The second reason I hope we can move away from these polarisations is that not only do they misrepresent the evidence and the views of the majority, but they also misleadingly suggest that there is widespread disagreement among mental health workers about how mental illness should be treated and researched.

Surely, if we wish to bring much-needed resources and innovation into mental health, we need to present a coherent and unified case for greater investment and a positive image of the many exciting possibilities for progress whether in genomics, neuroscience, social sciences, psychological treatments, early intervention, public health measures and so on.

While understanding mental illness and developing better approaches to treatment and prevention represents one of the greatest challenges we face, there are grounds for optimism. Many voices are calling for change; the need to integrate social, psychological and biological approaches to both treatment and research is widely acknowledged; and new research approaches are making this increasingly possible. What we need to do now is share ideas and work together to make this happen.

Mike Owen

Mike speaks in his own capacity and his views do not necessarily reflect those of the MRC.

This article has been re-purposed from an article published originally on Cardiff University’s blog.


author avatar by Duncan Double on 13-Mar-2017 19:29:35

Replying to Duncan Double

For clarity, I’ve copied the post from my website

I have mentioned Mike Owen in a previous post. In a recent blog, he argues for less polarisation in the debate about the nature of mental illness. I couldn’t agree more.

However, Mike does need to represent his opponents correctly if there is going to be a rapprochement. He says, “They assume, implausibly, that mind and brain are separate entities rather than different aspects of the same thing”. This isn’t true. The argument being made is not Cartesian. As Steven Rose says, “That brains enable minds is uncontroversial. That they ‘are’ the mind is a reductionism too far” (see Lancet article).

Similarly, Mike also says “They also fly in the face of a large body of evidence indicating the importance of genes and altered brain states in contributing to disorders of mental health”. Again, not true. The critiques are evidenced-based. Genes, of course, set the boundaries of the possible but environments define the actual. More caution is needed in interpreting so-called altered brain states.

It is important that Mike understands what people are saying who are critical of his view. As Steven Rose says, people like Mike should not “dismiss without a backward glance not only millennia of philosophical debate but also a huge current literature on mind/brain relationships”. There is a “conceptual innocence” about his position, although he is, of course, trying to dismiss any criticism. Despite what he may think, modern psychiatry has not solved the mind-brain problem.

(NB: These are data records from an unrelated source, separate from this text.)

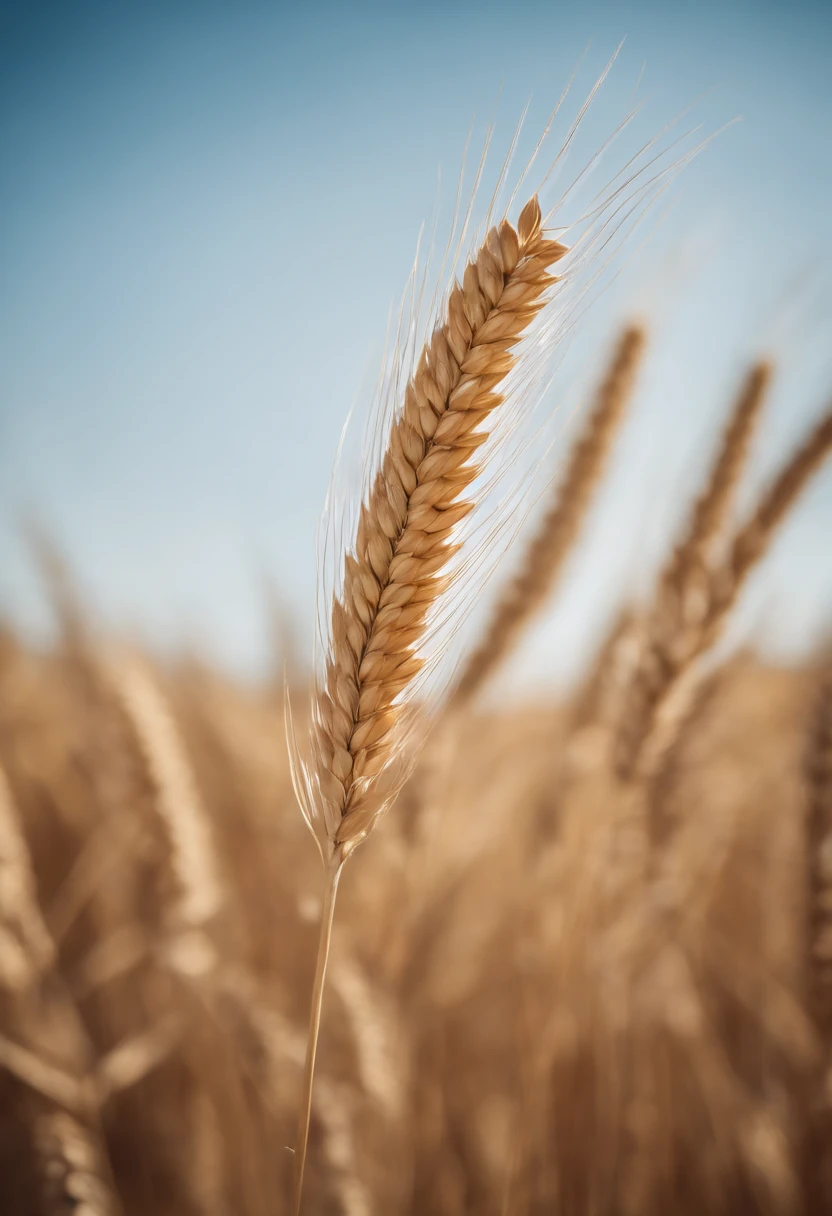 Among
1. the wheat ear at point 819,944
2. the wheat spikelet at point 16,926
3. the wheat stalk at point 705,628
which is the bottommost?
the wheat ear at point 819,944

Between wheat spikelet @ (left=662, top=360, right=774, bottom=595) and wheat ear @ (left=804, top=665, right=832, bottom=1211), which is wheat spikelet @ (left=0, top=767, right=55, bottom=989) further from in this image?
wheat ear @ (left=804, top=665, right=832, bottom=1211)

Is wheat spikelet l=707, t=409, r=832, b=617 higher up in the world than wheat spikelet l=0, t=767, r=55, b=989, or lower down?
higher up

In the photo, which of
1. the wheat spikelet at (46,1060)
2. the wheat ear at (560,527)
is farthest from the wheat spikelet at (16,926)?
the wheat ear at (560,527)

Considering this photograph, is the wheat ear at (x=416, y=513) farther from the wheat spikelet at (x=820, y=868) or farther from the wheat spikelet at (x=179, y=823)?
the wheat spikelet at (x=820, y=868)

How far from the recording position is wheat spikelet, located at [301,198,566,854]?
70cm

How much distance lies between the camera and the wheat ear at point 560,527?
1.34 meters

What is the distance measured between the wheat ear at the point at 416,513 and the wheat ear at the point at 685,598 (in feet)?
2.24

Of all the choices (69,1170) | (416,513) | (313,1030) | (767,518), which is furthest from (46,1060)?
(767,518)

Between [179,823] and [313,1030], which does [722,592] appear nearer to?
[313,1030]

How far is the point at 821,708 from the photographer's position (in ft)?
4.38

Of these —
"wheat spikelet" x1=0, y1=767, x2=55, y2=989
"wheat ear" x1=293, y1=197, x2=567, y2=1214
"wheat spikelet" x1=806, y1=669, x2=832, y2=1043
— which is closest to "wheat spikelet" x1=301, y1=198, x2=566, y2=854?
"wheat ear" x1=293, y1=197, x2=567, y2=1214

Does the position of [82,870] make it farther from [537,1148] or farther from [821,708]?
[821,708]

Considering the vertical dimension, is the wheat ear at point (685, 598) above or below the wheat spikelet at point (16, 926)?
above

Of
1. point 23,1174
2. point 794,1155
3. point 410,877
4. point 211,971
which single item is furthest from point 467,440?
point 794,1155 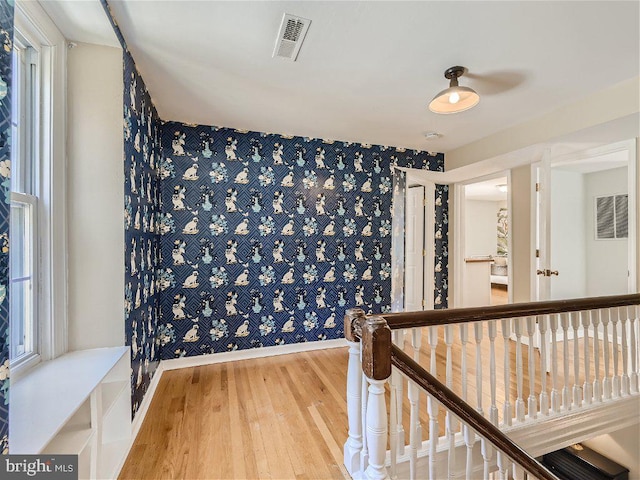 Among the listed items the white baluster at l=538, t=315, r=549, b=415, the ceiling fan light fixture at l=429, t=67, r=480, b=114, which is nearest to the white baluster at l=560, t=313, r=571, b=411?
the white baluster at l=538, t=315, r=549, b=415

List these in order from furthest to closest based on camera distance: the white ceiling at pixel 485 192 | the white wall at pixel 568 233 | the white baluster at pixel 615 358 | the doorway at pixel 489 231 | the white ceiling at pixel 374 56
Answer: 1. the doorway at pixel 489 231
2. the white ceiling at pixel 485 192
3. the white wall at pixel 568 233
4. the white baluster at pixel 615 358
5. the white ceiling at pixel 374 56

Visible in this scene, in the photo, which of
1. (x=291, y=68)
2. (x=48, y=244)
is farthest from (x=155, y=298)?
(x=291, y=68)

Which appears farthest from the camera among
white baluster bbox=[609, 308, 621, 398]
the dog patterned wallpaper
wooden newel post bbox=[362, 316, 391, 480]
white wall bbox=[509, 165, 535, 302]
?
white wall bbox=[509, 165, 535, 302]

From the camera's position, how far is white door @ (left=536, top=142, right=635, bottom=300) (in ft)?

author avatar by Duncan Double on 17-Mar-2017 17:10:33

Replying to Duncan Double

Dear Duncan, Thanks for your comments; I agree with you. I read Steven Rose’s excellent book “The Conscious Brain” as a student and am aware of the dangers of arguing for causation across levels of the hierarchy of organisation (forgive me if I have the terminology wrong but it was 40 years ago!). Like you I am materialist but not reductionist. You say I don’t represent my opponents correctly, but you misunderstand the purpose of my piece. It was not to argue that psychiatric disorders can only be understood in biological or genetic terms. Rather I was suggesting that both types of extreme view, biological or psychosocial, are incorrect. Moreover setting the issue up as a dichotomy between the two views, as some do (see other comments on my blog), contributes to the lack of investment in mental health services and research.
All the best, Mike Owen

author avatar by ibaker on 20-Mar-2017 08:53:26

Replying to ibaker

I agree there should be “critical friendship”, as Nikolas Rose (Steven’s brother) calls it, between critical and mainstream psychiatry.